◆ **THE TASK**: Write out the lines of the material below exactly, beginning at the line with "Charming single-story home" and stopping after the line with "A wooden spoon with a cup", and leave out the pictures.

--- START ---

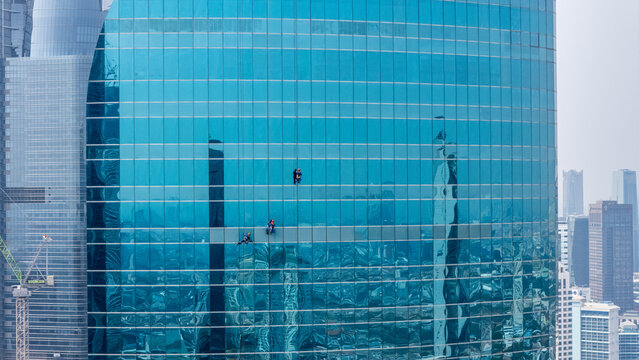 Aerial view of window cleaners suspended on ropes cleaning the glass facade of a modern skyscraper in Jakarta, Indonesia.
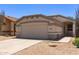 Charming single-story home featuring a two-car garage, desert landscaping, and a welcoming facade at 9717 W Purdue Ave, Peoria, AZ 85345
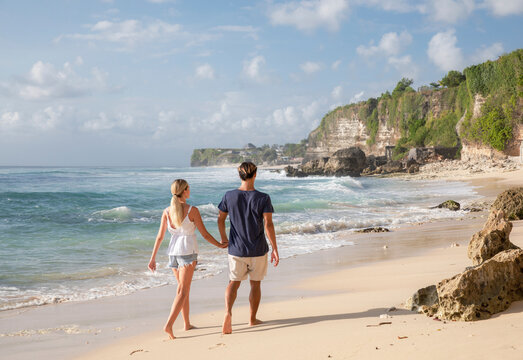 Young couple walking together at beach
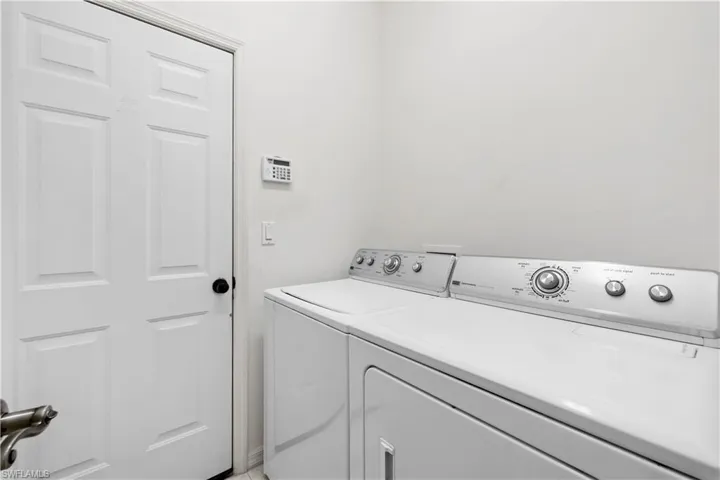 Washroom featuring washer and dryer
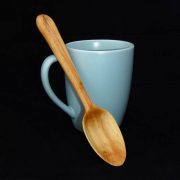 A wooden spoon with a cup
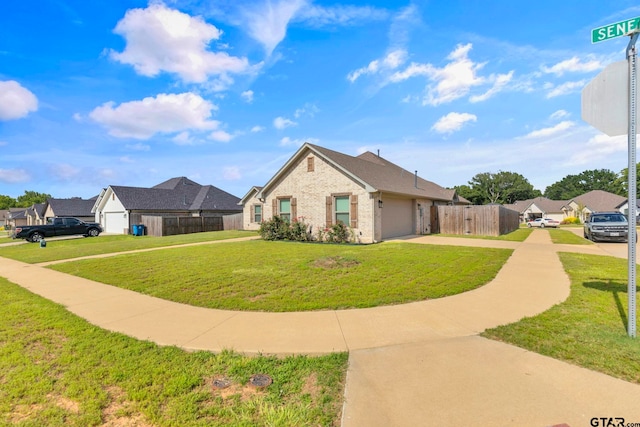 19175 Seneca Dr, Flint, TX 75762 - view of home's exterior featuring concrete driveway, an attached garage, brick siding, and a residential view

--- END ---

◆ **RESULT BELOW**:
 Charming single-story home featuring a two-car garage, desert landscaping, and a welcoming facade at 9717 W Purdue Ave, Peoria, AZ 85345
 Young couple walking together at beach
 Washroom featuring washer and dryer
 A wooden spoon with a cup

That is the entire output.